When making outbound calls — HTTP or Kafka — the calling service injects all four fields. Downstream services extract them and include them in their canonical log line. The cost is a handful of headers; the payoff is a fully correlated, business-enriched log stream.

Practical Example: A Checkout Journey

Let’s trace a checkout through three services. The user confirms their order, and the request flows through the order service (HTTP), payment service (HTTP), and notification service (Kafka).

Order Service — canonical log:

{
  "timestamp": "2026-03-08T14:23:01.482Z",
  "severity": "info",
  "service": "order-service",
  "trace_id": "abc-123-def",
  "bounded_context": "checkout",
  "feature": "standard-checkout",
  "session_feature_id": "sf-7891011",
  "user_id": "user-42",
  "method": "POST",
  "path": "/api/orders",
  "status": 201,
  "duration_ms": 312,
  "order_id": "order-99",
  "items_count": 3,
  "total_amount_cents": 8499
}

Payment Service — canonical log:

{
  "timestamp": "2026-03-08T14:23:01.610Z",
  "severity": "info",
  "service": "payment-service",
  "trace_id": "abc-123-def",
  "bounded_context": "checkout",
  "feature": "standard-checkout",
  "session_feature_id": "sf-7891011",
  "user_id": "user-42",
  "method": "POST",
  "path": "/api/charges",
  "status": 200,
  "duration_ms": 187,
  "charge_id": "ch-5678",
  "provider": "stripe",
  "amount_cents": 8499
}

Notification Service (consumed from Kafka) — canonical log:

{
  "timestamp": "2026-03-08T14:23:02.003Z",
  "severity": "info",
  "service": "notification-service",
  "trace_id": "abc-123-def",
  "bounded_context": "checkout",
  "feature": "standard-checkout",
  "session_feature_id": "sf-7891011",
  "user_id": "user-42",
  "kafka_topic": "order.confirmed",
  "kafka_partition": 2,
  "duration_ms": 45,
  "notification_type": "email",
  "template": "order-confirmation",
  "recipient": "user42@example.com"
}

Three services, three canonical logs, one shared trace_id. Each log carries the same bounded_context, feature, and session_feature_id, plus its own domain-specific fields.

Querying the Journey

In Grafana with Loki, reconstructing the full journey is a single LogQL query:

{service=~".+"} | json | session_feature_id="sf-7891011" | line_format "{{.timestamp}} [{{.service}}] {{.status}} {{.path}}{{.kafka_topic}} ({{.duration_ms}}ms)"

Want to see all checkout errors in the last hour?

{service=~".+"} | json | bounded_context="checkout" | status >= 500

Want to compare error rates between the new guest-checkout feature and standard checkout?

sum by (feature) (
  count_over_time(
    {service=~".+"} | json | bounded_context="checkout" | status >= 500 [1h]
  )
)

These queries work because the business dimensions are first-class fields on every log line, not something you have to join or look up from a separate system.
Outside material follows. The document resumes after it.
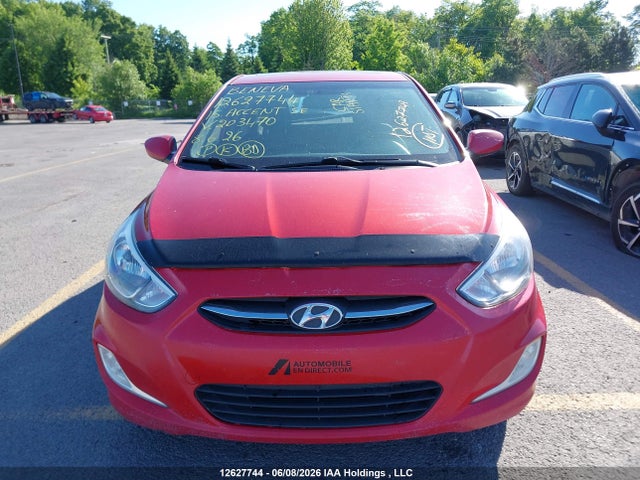 12627744 :رقم المزاد ، KMHCT5AE8FU203470 vin ، 2015 Hyundai Accent Se مزاد بيع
How This Relates to (but Doesn’t Replace) Distributed Tracing

If you’re already using Jaeger, Tempo, or another distributed tracing system, you might wonder why you’d bother with log-based correlation.

Traces and correlated logs answer different questions.

Distributed traces (Jaeger, Tempo) give you a call graph. You see parent-child span relationships, precise timing waterfalls, and where latency accumulated across service boundaries. Traces answer: “which service call was slow, and why?” They’re purpose-built for performance debugging and dependency analysis. When a checkout takes 3 seconds instead of 300 milliseconds, the trace waterfall shows you that 2.7 seconds were spent waiting for the payment provider’s API.

Log-based correlation gives you a business narrative. You see what happened in a user’s checkout journey, queryable by bounded context, feature, and session. Correlated logs answer: “what happened in the checkout flow for user X?” They’re built for incident investigation and feature-level observability. When a user reports they were charged but didn’t get a confirmation, log correlation shows you that the order service returned 201 and the payment service returned 200, but the notification service never received the Kafka message — pointing you to a broker or serialization issue.

They’re complementary. In practice, you’ll often start with a log query — “show me failed checkouts in the last hour” — find a suspicious trace_id, then jump to Tempo to see the timing waterfall for that specific request. The logs get you to the right needle; the trace shows you why it’s bent.

The Honest Tradeoffs

Log-based correlation doesn’t replace distributed tracing. You lose span parent-child relationships, precise timing waterfalls, and async gap detection. But for many teams, trace_id correlation across canonical logs is a powerful first step that requires no new infrastructure — just disciplined propagation.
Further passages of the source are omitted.